North West entrepreneur Annie O’Toole has left the online tech marketplace she founded to join the team behind a hotly-anticipated augmented reality toy range.
O’Toole was a founding director at JUXDIT – which sought to bring cutting-edge technological products to the masses – but left to become senior project manager and growth hacker at SwapBots this week.
Start-up SwapBots is the brainchild of John Keefe and Andy Cooper, the founders of Liverpool design agency Draw and Code, and seeks to bridge the gap between physical and digital play.
It will launch this year with 12 real-life toys which are capable of interacting with an app, allowing kids to pitch them together in battle.
“I’m really lucky to have been part of the SwapBots story before joining Draw and Code,” O’Toole, who will perform the same role at Draw and Code, told BusinessCloud.
“I remember seeing the initial sketches, hearing the original idea and watching the characters come to life through the medium of pen and paper.
“I’ve always had so much faith in this product and the team behind it, so when Andy and John invited me to join them, it felt right.
“I’m an entrepreneur and my true love is innovative start-ups and their international growth. I’m ready to be a vital cog in the expansion of this extraordinary product.
“Sadly, that meant saying goodbye to JUXDIT. But, if you know me, you know I’m a head and hearts character – I follow my passions and the things that inspire me. Life’s too short not to.”
JUXDIT’s future is uncertain after several investors pulled out for various reasons. O’Toole was forced to lay off the firm’s staff, saying “the cashflow killed us”, but it still has the site and many of the products it was planning to sell.
O’Toole previously worked at IT company Oddineers and also ran the Bottle Top Business, which connected entrepreneurs in cities across Northern England through regular monthly events before the advent of Tech North.
She sees great international potential in SwapBots because the toys, which will retail in packs of three for £20, are affordable compared with the likes of toys-to-life video game Skylanders.
“Our product doesn’t break the bank, which means it is universal – most parents, internationally, can afford SwapBots,” she said.
“You can download the app to your phone or tablet for free, which takes out the expense of a console, and you won’t be hit with any in-app purchases. The cost is the toy – that’s it.
“We’re doing business with China, we’re planning our USA launch and we’re excited to sell across Europe. In a year’s time, it will be everywhere – it’s hitting some pretty major shelves in 2017.”
Each physical SwapBots character consists of three parts which lock together and can be swapped to create different characters, with a total of 1,728 possible combinations. Each part represents a different power or function when it is viewed within the app via video.

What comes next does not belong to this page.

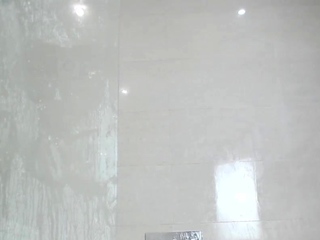 Thick UK Babe Bathing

The toys are currently in beta testing, which will give the SwapBots team the chance to make any final changes to the product.
“The app uses augmented reality and recognises each piece of the SwapBot range – the Bots can then battle one another… to make it fun and interactive,” O’Toole explained.
“There will soon be a SwapBots store too, where you can collect various environments and accessories for your Bots.
“We’ve had a lot of interest. It’s humbling to see so many people supporting this product – it gives you an extra special boost as you know you’re creating something people want.”
SwapBots won a “substantial” grant from the £4m UK Games Fund last summer and was also selected for Tech North’s Northern Stars programme, which has already seen the start-up visit 10 Downing Street and pitch at Bloomberg.
It has also been invited to become part of renowned San Francisco hardware accelerator HAX, while it will close its opening round of seed funding from angel investors this week.
However it is not the only company seeking to break into the potentially lucrative toys-to-life market.
“We’re very lucky to have been presented with awesome opportunities in San Fran,” said O’Toole. “We’re taking advice and support from across the globe. We’re just a small start-up from Liverpool – it’s amazing that these things are happening.
“Everything is developed here in Liverpool, but we are keen to ensure Brexit and the current political scene will not prevent us from growing and producing the very best products which make kids happy.”